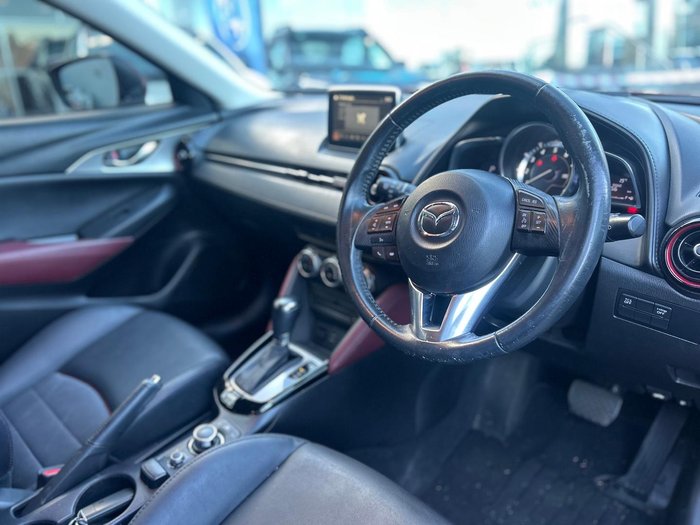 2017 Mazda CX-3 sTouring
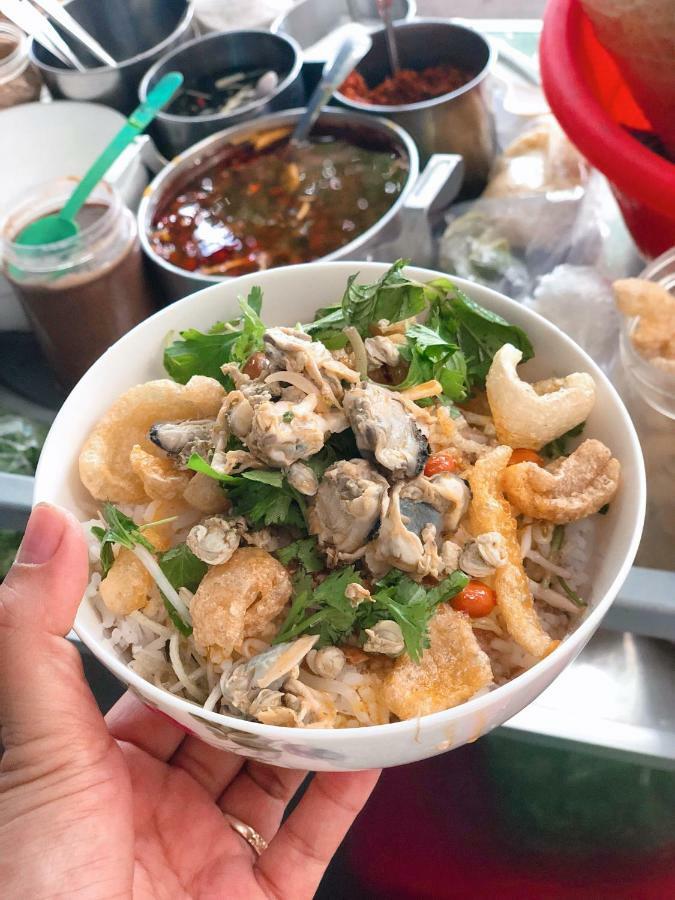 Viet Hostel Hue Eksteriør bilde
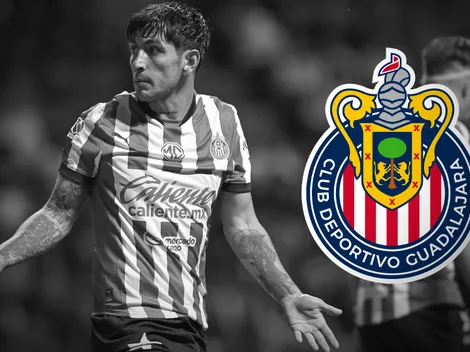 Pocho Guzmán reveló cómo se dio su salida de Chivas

## Exercise description
Repeat the listing above exactly, omitting the pictures it contains.

## Your response
 2017 Mazda CX-3 sTouring
 Viet Hostel Hue Eksteriør bilde
 Pocho Guzmán reveló cómo se dio su salida de Chivas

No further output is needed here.